4. My work in the area of class actions and representative litigation also includes service (for over a dozen years) as a Reporter for the American Law Institute in connection with its effort to codify the common law rules of corporate law and fiduciary duties in a Restatement-like volume. See A.L.I., PRINCIPLES OF CORPORATE GOVERNANCE: Analysis and Recommendations (1992). I served as the Reporter for litigation remedies, and this project specifically recommended standards for plaintiffs' attorney fee awards in direct and derivative shareholder actions. In connection with serving as Reporter for the American Law institute, I have interviewed and discussed fee award procedures with many of the leading attorneys in the class and derivative action field and have participated in numerous seminars, panels, and informal conferences with judges who have faced similar issues to those involved in this case.

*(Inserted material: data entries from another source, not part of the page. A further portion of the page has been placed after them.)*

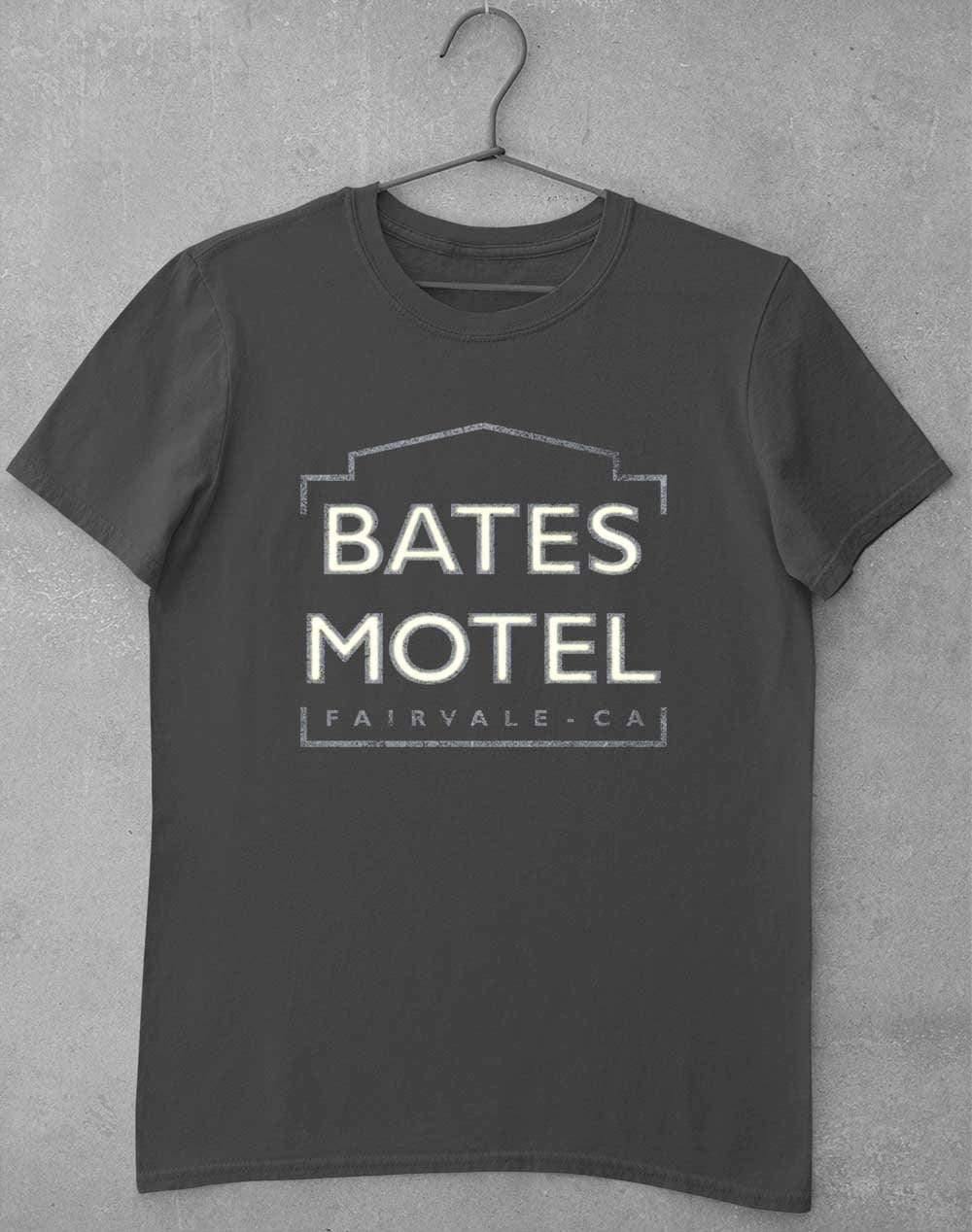 Bates Motel Sign T-Shirt S / Charcoal  - Off World Tees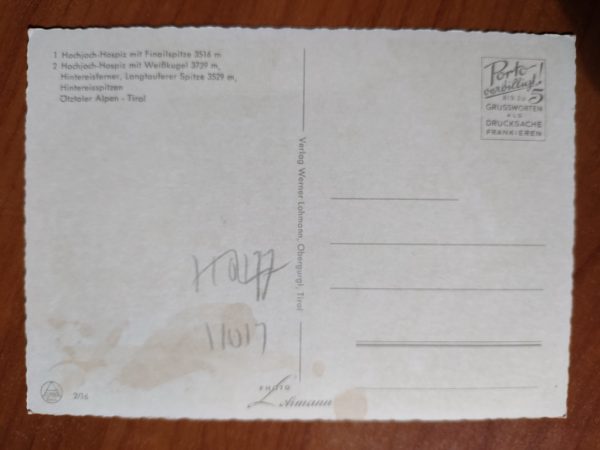 Postcard Hochjoch Hospiz - Image 2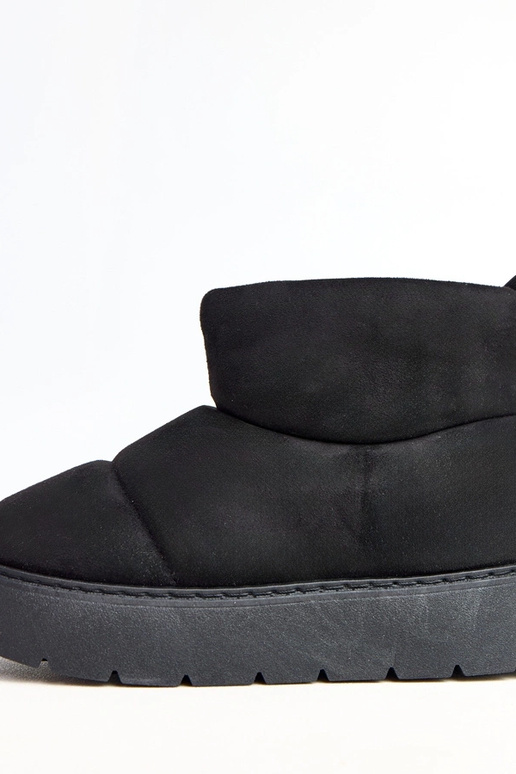 Stivali da neve foderati neri con... Stivali da neve foderati neri con...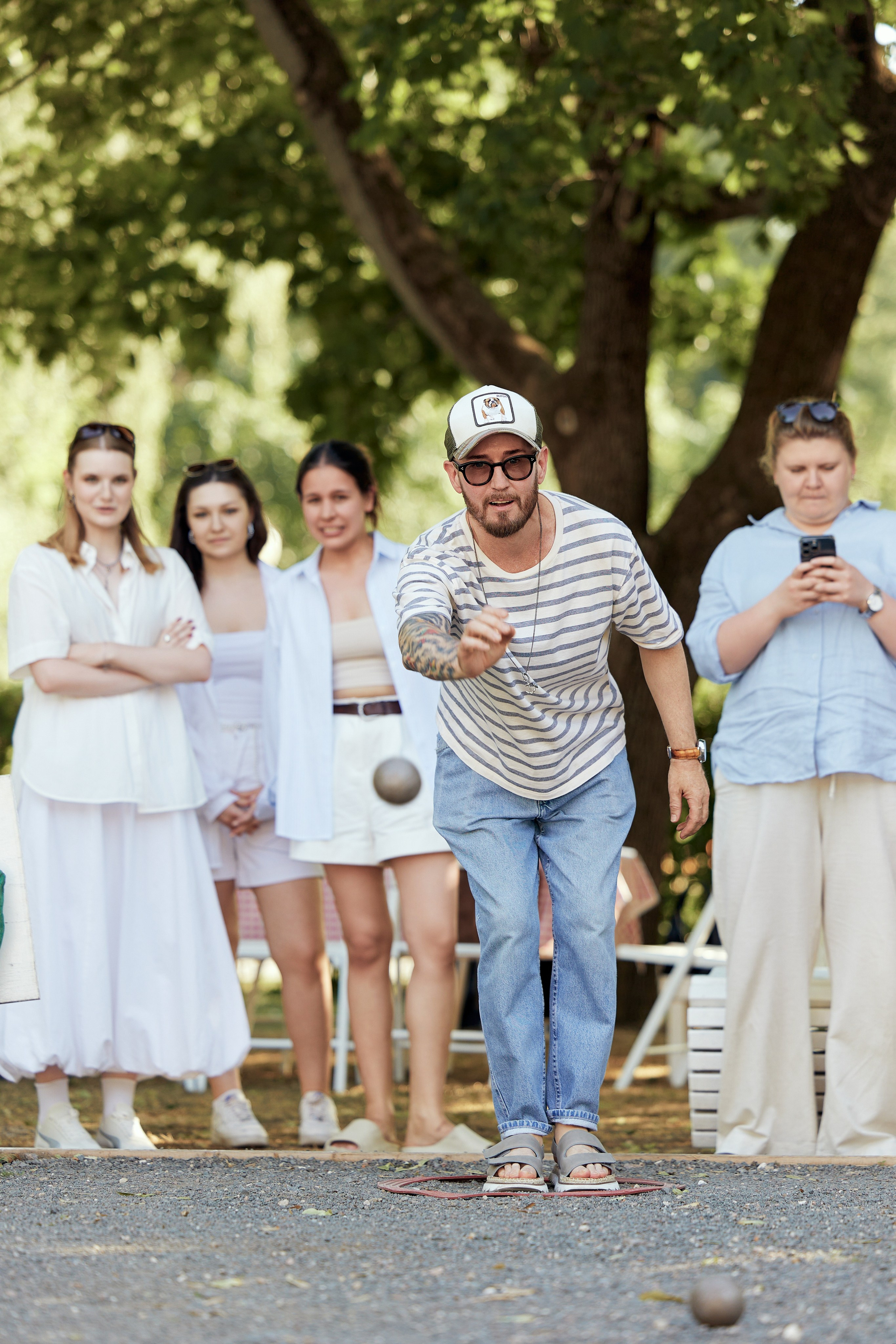 Игра в Петанк. Фотограф Дмитрий Тур — профессиональная фотосъемка мероприятий и портретов в Москве и Московской области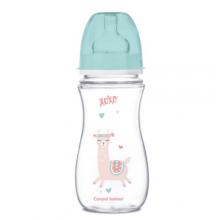 CANPOL BABIES Butelka Antykolkowa 12m+ zielona lama, 300ml 35/222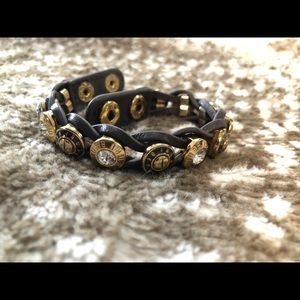 Henri Bendel Rivets on Leather Bracelet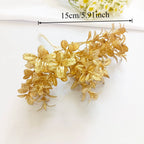 Petit Bouquet Artificiel Cèdre Doré 20 cm, Rameau de Pin pour DIY, Corsage Mariage, Décoration de Noël, Ambiance Élégante et Champêtre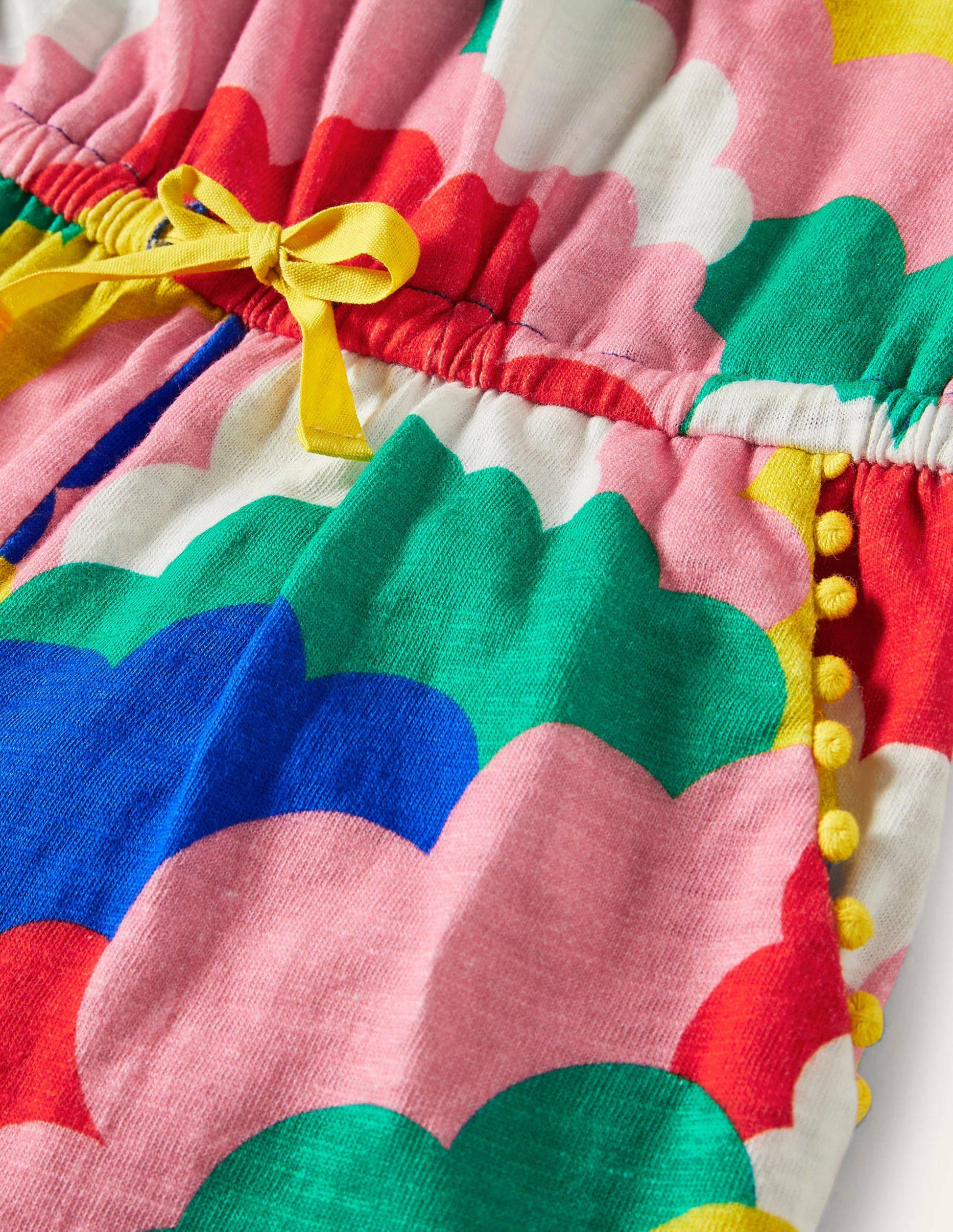 Charlie Pom Jersey Playsuit-Multi Geo Clouds-3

5. I am also a specialist in the field of securities law and regulation, where I currently serve on the Legal Advisory Board of the National Association of Securities Dealers ("NASD") and am an emeritus (but continuing) member of the Legal Advisory Committee of the New York Stock Exchange ("NYSE'). I am also a member of the Market Regulation Committee of NASD Regulation ("NASDR"), the enforcement arm of the NASD. I am a co-author of Jennings, March, Coffee and Seligman, SECURITIES REGULATION: Cases and Materials (8th ed. 1998), which is the oldest and most widely used casebook on securities law in the United States and I am a member of the executive committee of the Securities Regulation Institute. Finally, I have testified on securities law issues (both related and unrelated to class actions) before several Congressional committees.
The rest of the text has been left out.